Yesterday I got my daily e-mail of news headlines from the world of communications and in it was a list of items that colleagues nationwide have on their desks. (We communications professionals need some daily crazy news to survive.) There were green sequined bats, a bottle of tequila and margarita mix, Dwight Schrute bobbleheads and even a pair of squirrel underpants (huh?).

See, anything goes on your desk at work. Whereas, there is no place for a purple fuzzy gorilla on my living room coffee table. Problem is, the whole article reminded me of what is NOT on my desk. Mainly, this:

My desk is lacking an N*Sync bobblehead and I am not happy about it.
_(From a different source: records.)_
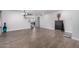 Open living area with neutral walls, wood-look tile flooring, stairs leading upstairs, and a modern light fixture at 10865 E Florian Ave, Mesa, AZ 85208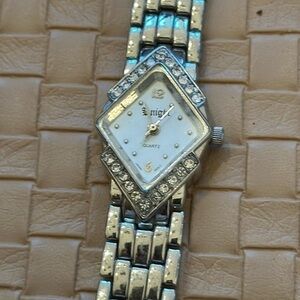 Elegant silver tone diamond face quartz cocktail watch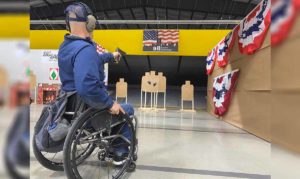 A disabled person shoots a pistol at IDPA-style targets from a wheelchair during the Adaptive Defense Shooting Summit (ADSS)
At my office holiday party in December, we had an intense white elephant gift exchange (it involved lots of reindeer, bowling and yelling). I couldn't care less about the white elephant gifts until I unwrapped this beloved bobblehead. (I know! Who on earth would give that away as a white elephant gift?! Turns out, it was someone who already had an identical bobblehead at home.) Anyway, GAME ON!!!

Team Blitzen (my team) started fighting hard for this prize. A war broke out with Team Prancer and, needless to say, it was not a happy ending for Blitzen. I have assured the new owner of the bobblehead that he'd better watch his back. What's worse is that it now sits next to a UND Sioux hockey bobblehead on his desk. (I'm sorry, but JC Chasez would never cheer for UND.) Not even a fair trade deal--my pig with the light-up snout (a gift during swine flu season last fall) for his bobblehead--would suffice.

How does this whole episode make me feel? Well, I think N*Sync says it best. It’s Tearin’ Up My Heart. I Want You Back little bobblehead…No Strings Attached. I need to come up with a plan, so Bye Bye Bye for now. (Go ahead, insert eye roll here. But I am still awaiting their reunion!)